Deux enfants, deux petites Parisiennes à première vue semblables. Elles vivaient près des Champs-Élysées, quartier bourgeois - chic, s'il en fut -, elles allaient ensemble au cinéma - à cette époque, l'on pouvait voir, dans la file d'attente, Alain Delon lui-même. Ces deux aimables petites personnes se rencontrèrent à l'école primaire du quartier. Toutes deux vêtues à la mode du temps (pantalons interdits, jeans pas même inventés). C'est ainsi que naquit une amitié solide comme le roc. Pourtant, ces deux filles qui deviennent grandes sous nos yeux n'ont rien de commun. L'une, Léa, est active, nerveuse, fantasque, drôle. Exemple: elle dit plus tard à sa copine de surveiller son alimentation, «Trop de verdure nuit à la santé mentale. Il n'y a qu'à voir les vaches, l'air con qu'elles prennent en ruminant...» D'ailleurs, elle voudrait devenir clown... L'autre, Marie, est plutôt du genre posé, discret, introvertie, un peu intello. Elle voudrait devenir psychiatre. (Elle ne verra pas l'air con des vaches.)

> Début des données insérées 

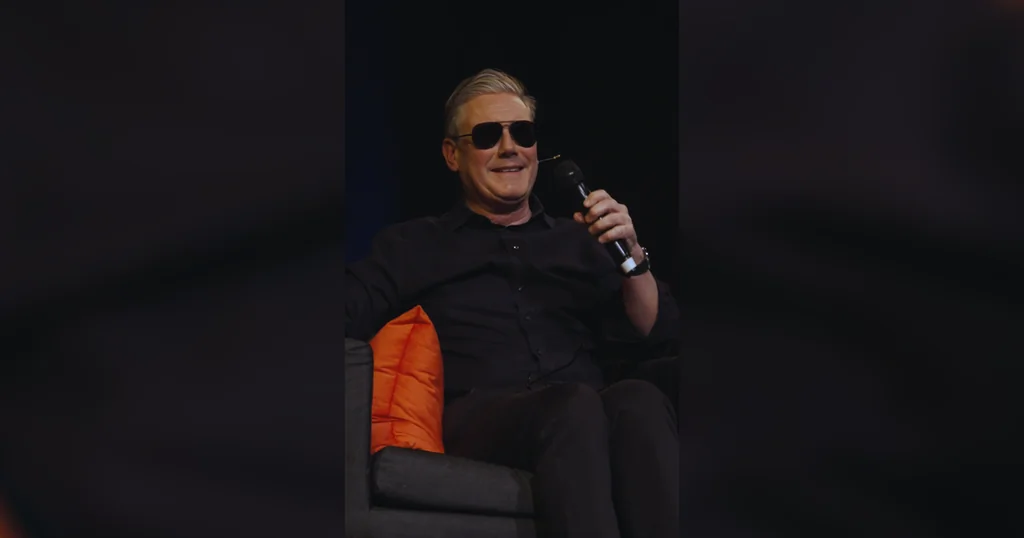 Starmer imite Macron avec des lunettes de soleil: scène virale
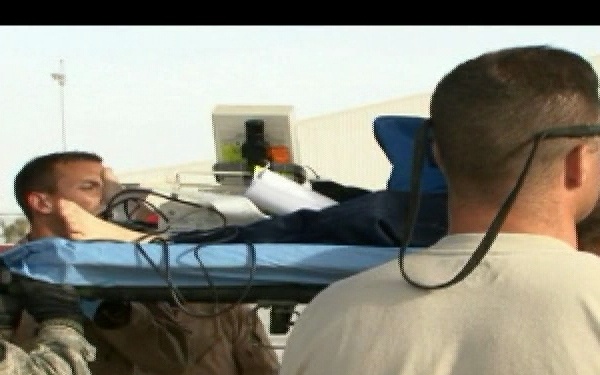 Aeromedical Evacuation Crew Provides Care/Transport for Patients - Package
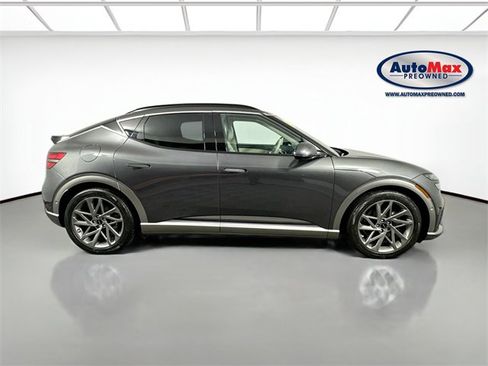 Used 2023 Genesis GV60 Advanced image 10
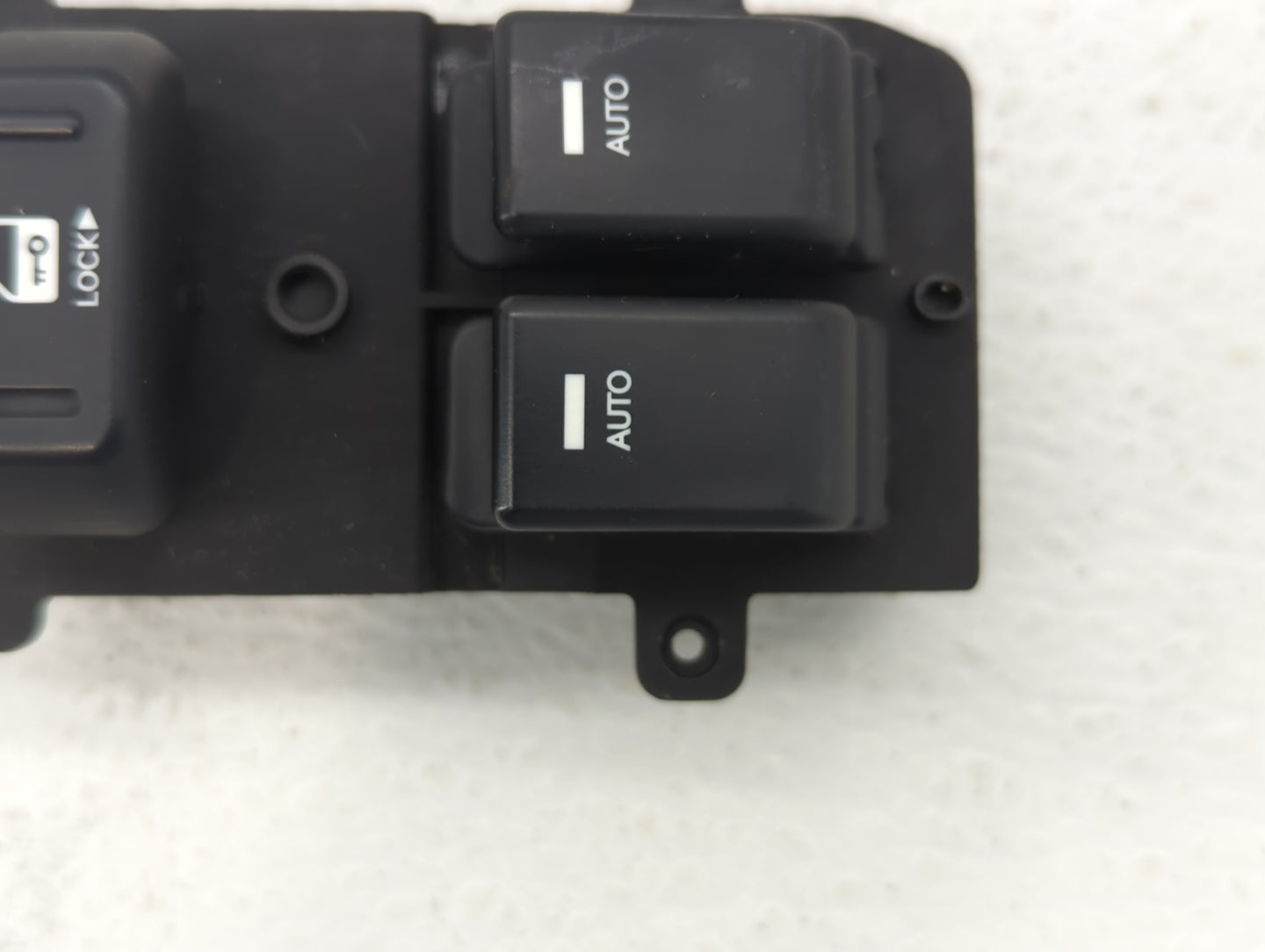 2011-2012 Hyundai Genesis Master Power Window Switch Replacement Driver Side Left P/N:202008375 Fits Fits 2011 2012 OEM Used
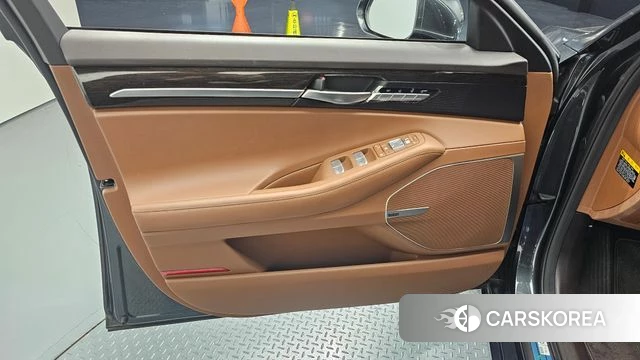 Genesis G90 id 4285184 из Кореи 16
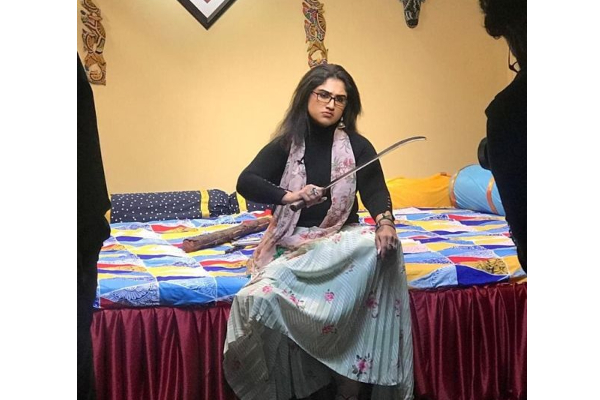கையில் அரிவாளுடன் கோபமாக வனிதா வெளியிட்ட புகைப்படம்- இணையத்தில் வைரல்! | Vanitha Vijayakumar Latest Photos Viral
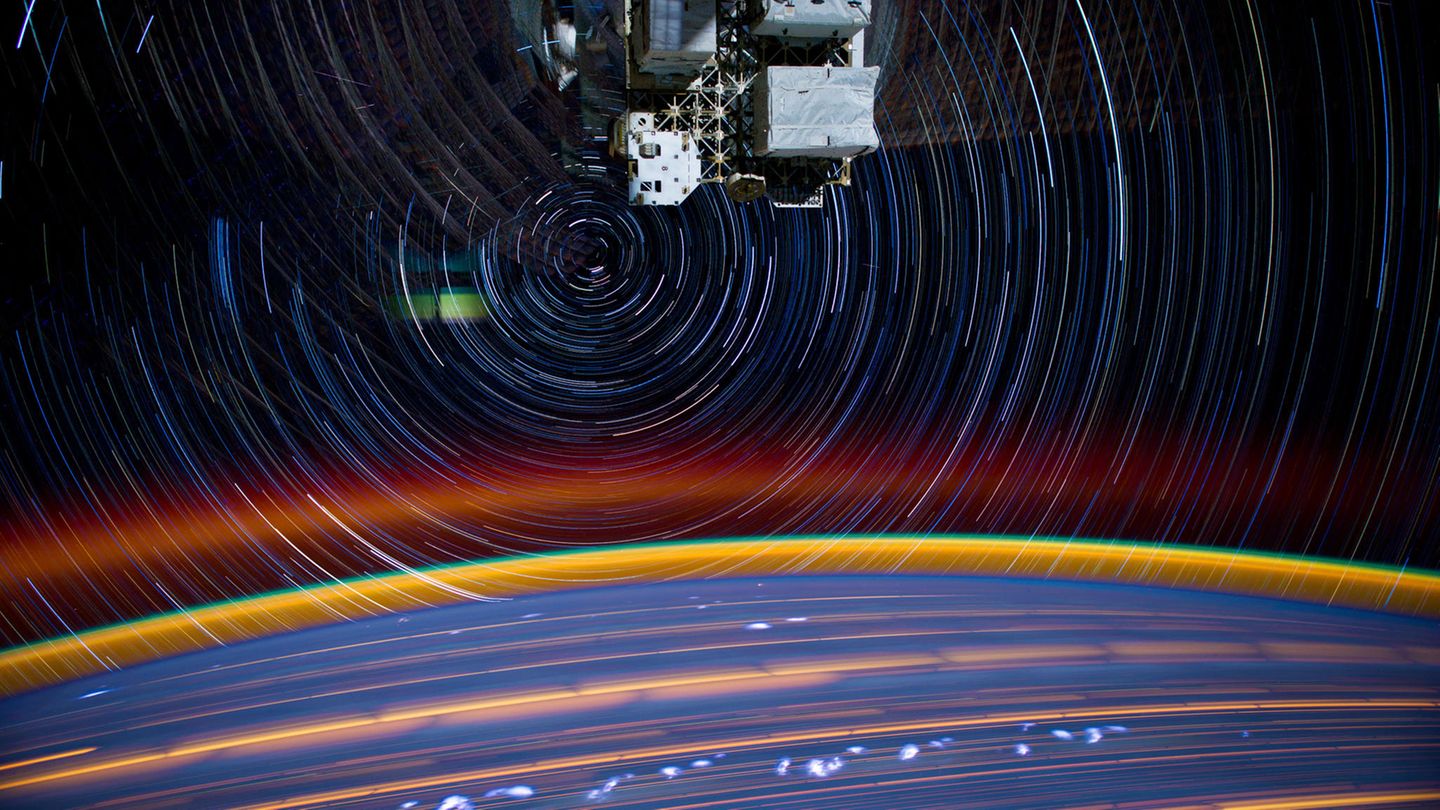 Don Pettit fliegt zum vierten Mal in den Weltraum. Bereits 2002, 2008 und 2011/2012 lebte er an Bord der Internationalen Raumstation. Dort tat er sich als begabter Fotograf hervor. Berühmt sind seine "Startrail"-Aufnahmen, durch die sich Leuchtspuren von Sternen und irdischen Lichtquellen ziehen.   Dieses Bild wurde von einer Kamera aufgenommen, die fest an der ISS montiert ist. Pettit kombinierte 18 Aufnahmen mit je 30 Sekunden Belichtungsdauer. Deutlich wird dabei, dass die Raumstation relativ zu den Sternen rotiert, während sie um unseren Planeten flitzt: Um der Erde stehts dieselbe Seite zuzuwenden, dreht sich die ISS pro Minute rund vier Grad um ihren Schwerpunkt. 
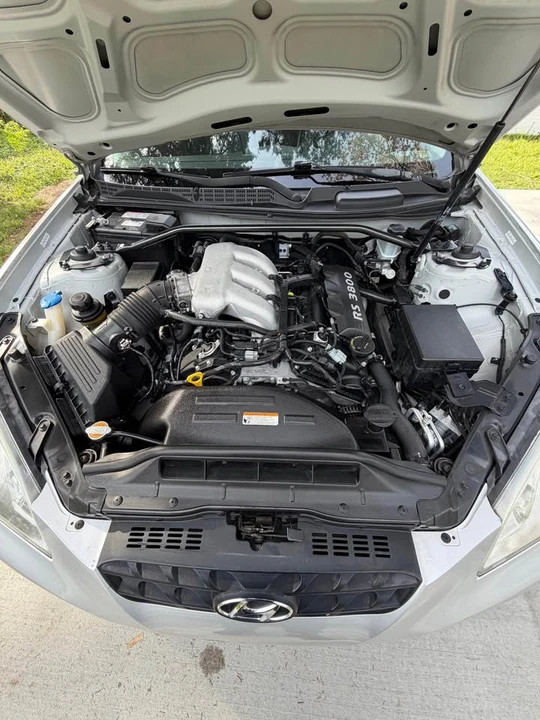 2012 Hyundai Genesis Coupe - Image 2 of 13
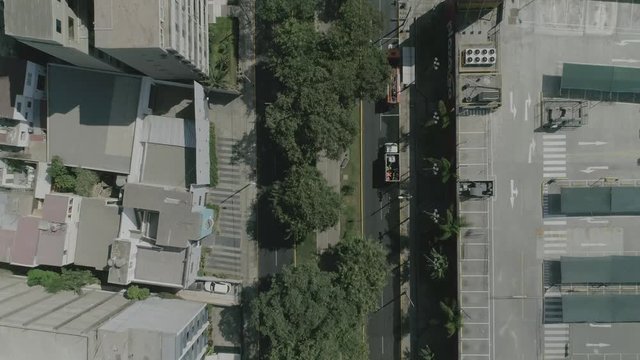 c&aacute;mara en senital desde drone sobre encima de los edificios, recorriendo la av. Arequipa en Miraflores. Las avenida esta vac&iacute;a, sola, debido a la pandemia por el Corona Virus.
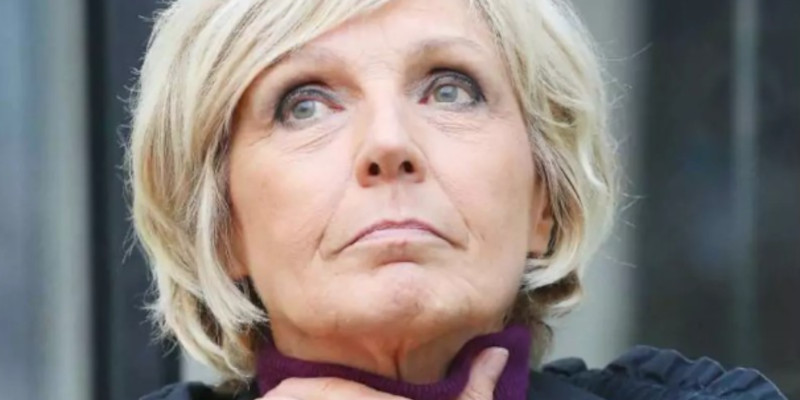Evelyne Dhéliat frappée par un inquiétant virus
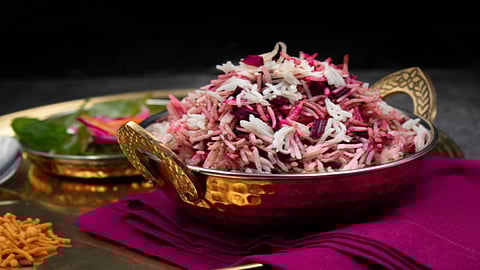 It is a gut friendly recipe because curd has a prebiotic effect because it has lactobacillus bacteria that adds and gives a good count of good gut bacteria.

Cette Marie, qui est évidemment Marie Nimier, va se poser longtemps la question: comment se fait-il que ces deux filles si différentes se soient rapprochées, soient très vite devenues inséparables, complices, copines, amies, et que cette amitié ait pu durer tant d'années, après tant d'aventures endurées ensemble? Aventures que Léa, bien sûr, a créées par son caractère provoquant. On ira camper toutes les deux, avec la permission des parents... mais c'est pour faire un voyage au LSD, organisé par Léa. Plus tard, après la rencontre d'un homme un peu salaud, Léa se prostituera... Marie la regarde. Et puis, voilà Léa enceinte, un petit garçon naît, Tom... Mère et fils s'installent chez Marie. Voici bientôt Léa en voyage, en Thaïlande, à la recherche sans doute d'autres drogues... Ainsi, les deux amies, engluées l'une à l'autre, suivent leur destin - particulièrement celui de Léa - et ne semblent pouvoir se passer l'une de l'autre. La raison et la déraison.

À la fin, les deux amies d'enfance ont 50 ans. Mères toutes deux, absolument différentes en tout, elles ne se sont pourtant jamais quittées, même si ce fut souvent par lettres et par rencontres improvisées. Elles ont parlé, parlé, surtout Léa, et Marie cherche encore aujourd'hui le pourquoi de cette amitié. Peut-être faudrait-il écrire un livre, puisque Marie est devenue écrivain? C'est une suggestion de Léa: «Si un jour tu t'ennuies, tu pourras toujours écrire un livre sur nous», et, tout en bas de cette lettre, d'une écriture restée enfantine: «Je serai toujours ta Léa, même si cela ne se voit pas.»

Le livre est là, il s'intitule Les inséparables. L'histoire d'une inexplicable amitié. Excellente.